Study system:
I
work with sponge-dwelling snapping shrimps of the genus Synalpheus. These tiny critters are an excellent
study system for this research. In some
species (e.g. Synalpheus regalis), individuals live in easily-collected
colonies of 300+ workers and a single reproductive queen inside tropical marine
sponges (4). Other species within
the genus exhibit an unusually wide range of social behavior, from solitary
lifestyles to large colonies with few reproductives (5). This range of behavior will allow comparison
of the genetic basis of behavior among closely related, behaviorally divergent
species. Because Synalpheus can be kept
in lab aquaria, I can conduct tightly controlled experiments on the
relationship between ecological parameters, gene expression, and social
behavior.
Methods:
I
will use next-generation RNA-seq techniques to assess
gene expression (6). The basic
idea behind gene expression techniques is to look at what genes are actually
activated in an individual at a given time or under a given condition. This set of expressed genes (called the transcriptome) is typically much smaller than the entire
set of an individual's genes (the genome), and, because it describes the genes
that are being used in the moment, is highly relevant to the question at hand.
By
using high-throughput quantitative sequencing techniques (e.g. Solexa and 454), I will
assemble complete transcriptomes for individuals from a variety of species
and behavioral roles. Comparison of
those profiles will identify genes which are consistently differentially
expressed in various groups. Further
research will seek to determine which genes lead to behavioral differences, as
well as the environmental conditions under which they are expressed.
I
intend to compare gene expression in Synalpheus in the following ways:
1: Among
reproductives and workers within colonies. What is the genetic basis of
social behavior in these species?
2:
Among workers and reproductives from multiple species of Synalpheus. Is
the genetic basis of sociality conserved among these species?
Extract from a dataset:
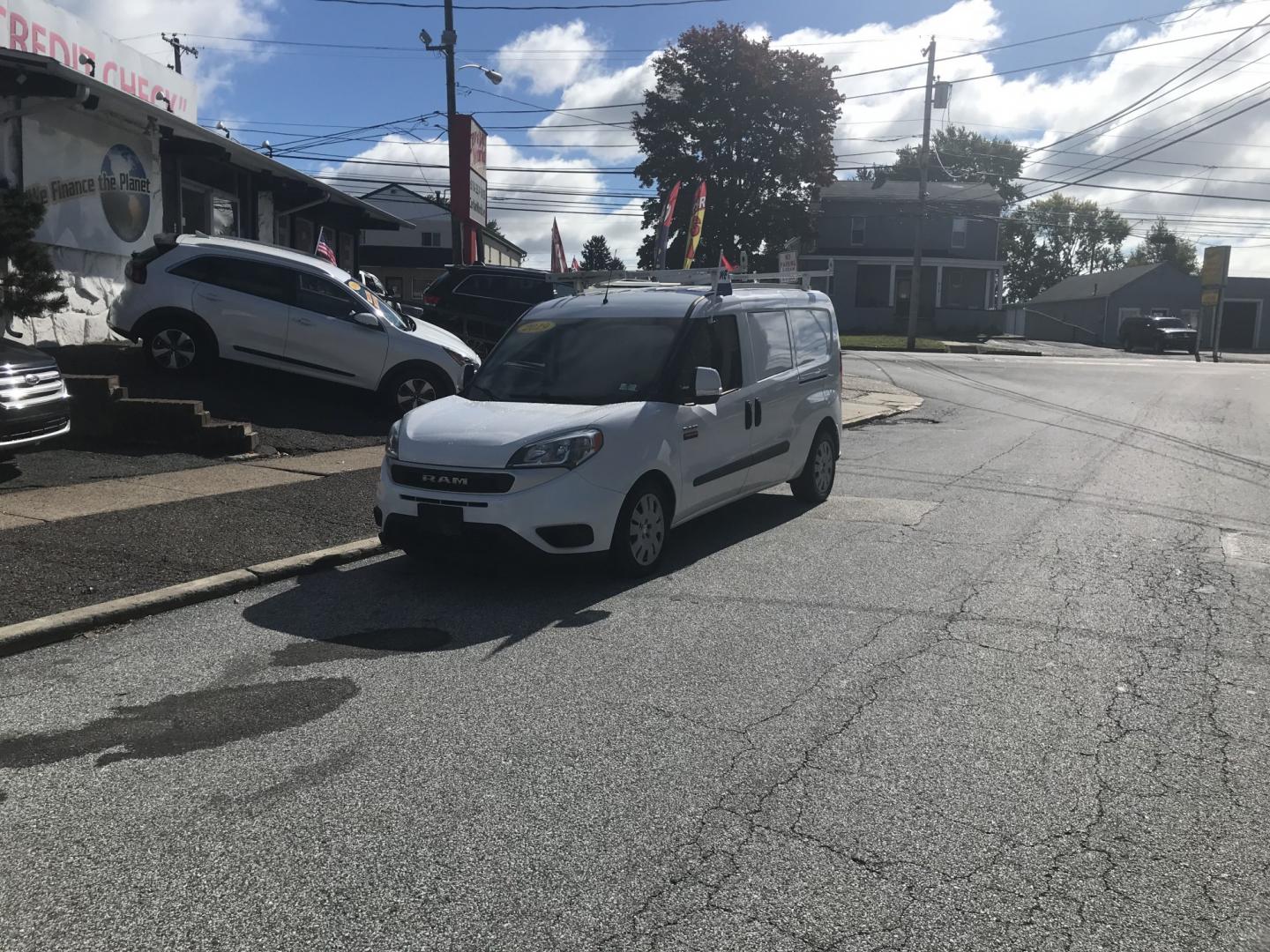 2019 White /Black Ram ProMaster City Cargo (ZFBHRFBBXK6) with an 2.4L L4 engine, 9A transmission, located at 577 Chester Pike, Prospect Park, PA, 19076, (610) 237-1015, 39.886154, -75.302338 - 2019 Ram Promaster City Cargo Van: Ladder racks, shelving, partition, backup camera, new PA inspection, FLEET MAINTAINED, runs LIKE NEW! This vehicle comes inspected and has been given a bumper to bumper safety check. It is very clean, reliable, and well maintained. We offer a unique pay plan tha- Photo#1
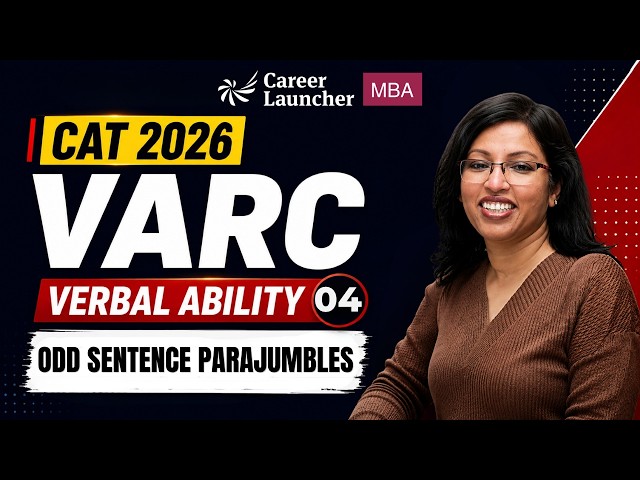 Odd Sentence Para Jumbles for CAT 2026 | Questions, Tricks & Solutions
3: Under varying ecological conditions. How
do ecological factors and developmental plasticity affect behavior?
References
1: West-Eberhard, M.J.
(2003) Developmental Plasticity and Evolution. Oxford University Press, Oxford
2: Whitfield, C.W., Cziko,
A. & Robinson, G.E. (2003) Gene expression profiles in the brain predict
behavior in individual honey bees. Science, 302, 296-299.
3: Wang, J., Ross, K.G. & Keller, L. (2008)
Genome-Wide Expression Patterns and the Genetic Architecture of a Fundamental
Social Trait. PLoS Genetics, 4.
4: Duffy, J.E. (1996) Eusociality
in a coral-reef shrimp. Nature, 381, 512-514.
5: Duffy, J.E. (2003) The ecology and evolution of
eusociality in sponge-dwelling shrimp. Genes,
behavior, and evolution in Social Insects.Higashi,
S.), University of Hokkaido Press, Sapporo, Japan, Sapporo, Japan.
6: Wilhelm, B.T. & Landry, J.R. (2009) RNA-Seq-quantitative measurement of expression through
massively parallel RNA-sequencing. Methods, 48, 249-257.